A Brief History of Hydraulic Fracturing

Hydraulic fracturing technology has been around longer than you may think.

Directional drilling and hydraulic fracturing changed the American energy industry. Over the past decade, the “shale revolution” has turned the global market on its ear. With this new attention, one may think these technologies are brand new – but they have their beginnings before the telephone, phonograph and light bulb.

The Civil War and Torpedoes

In the middle of the 19th century, Colonel Edward Roberts of the 28th New Jersey Volunteers (and the Union Army of the Potomac) witnessed firsthand the destructive power of war. During the Battle of Fredericksburg, he watched rounds of artillery decimate a small canal in the battlefield. The water in the canal seemed to amplify the effects of the artillery shells. Following the war, he patented the first system for what we recognize today as hydraulic fracturing.

Colonel Roberts’ system was somewhat less refined than today’s method: it involved packing a “torpedo” case with 20 pounds of powder. The torpedo was lowered into the well, with a couple of wires attached. The borehole was then filled with water, and the two wires completed a circuit, causing an explosion of the subterranean case.

The operation cost $200 (and shares to 1/15 of the extra production) – and reportedly increased production to the tune of 1200%. Later torpedoes would be filled with nitroglycerin, until the 1930s, when less explosive materials were used for subterranean fracturing.

In 1949, Halliburton completed two experimental sites that most closely resemble modern hydraulic fracturing. By the mid-60s, it was a rapidly growing technique. Beginning commercially in Oklahoma, it soon found its way to the Denver, Green River and San Juan Basins. In his 1975 State of the Union address, President Ford even mentioned shale oil resources as part of his extended energy plan.

More War and Theft

Directional drilling is another important component of modern day oil shale extraction. While it has newer techniques than Colonel Robert’s torpedoes, debates about directional drilling have been happening for over a century.

Accusations of “slant drilling” were a precursor to the Kuwait/Iraq conflict that led to the Gulf War. The same sort of accusations are also a colorful part of East Texas oilfield history. In the middle of the last century, some unscrupulous drillers stole an estimated $100 million of oil using directional techniques. At the same time as the East Texas oil thievery, purposeful directional drilling was being heavily studied.

Gyroscopic surveying soon came into practice, helping to improve knowledge of wellbores’ directions. New techniques were invented. Water jets could break up soft formations and mud motors were finally refined from a 1930 design. Many of today’s techniques reach back to this time, over seventy years ago.
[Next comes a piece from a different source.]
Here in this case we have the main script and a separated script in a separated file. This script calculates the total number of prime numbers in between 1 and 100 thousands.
The practice of Magnetic Steering was later introduced in the 1970s.

Putting It Together

A son of Greek immigrants finally put these two techniques together into one package.
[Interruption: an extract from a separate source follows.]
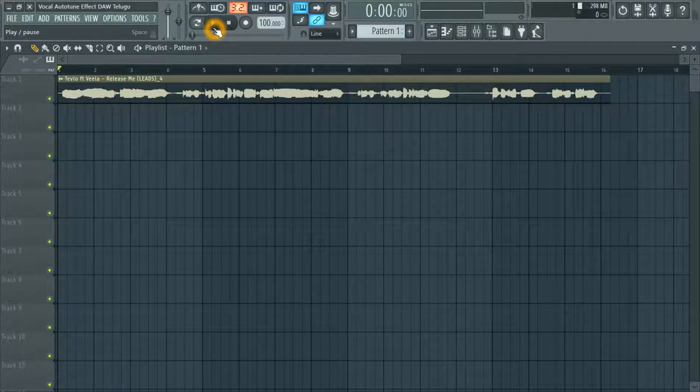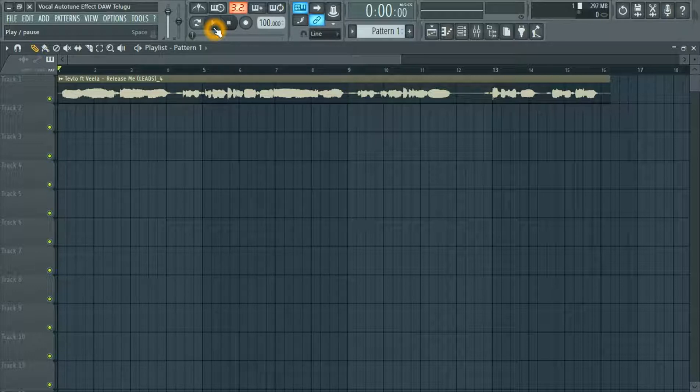This is voice, friends. I'm going to play a demo in the FL Studio.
George P. Mitchell, the father of modern day hydraulic fracturing, experimented for years before putting together the safe, cost-effective process in use today. While Mitchell was primarily concerned with harnessing natural gas, oil sands have also proven highly profitable using his techniques. The Potential Gas Committee at the Colorado School of Mines estimates that the shale revolution will supply the nation’s energy demands for 100 years.



Technology continues to change and evolve. And leading the way is Select Energy Services. Select has offered complete water solutions in support of safe, and economically beneficial hydraulic fracturing practices for over a decade. The company was borne out of a need in the field, and knows the processes of hydraulic fracturing inside and out.

Far away are the days of blindly lowering a torpedo into a pit. And what interesting challenges lie ahead for hydraulic fracturing? Sometimes the newest ideas just need a little inspiration from the past.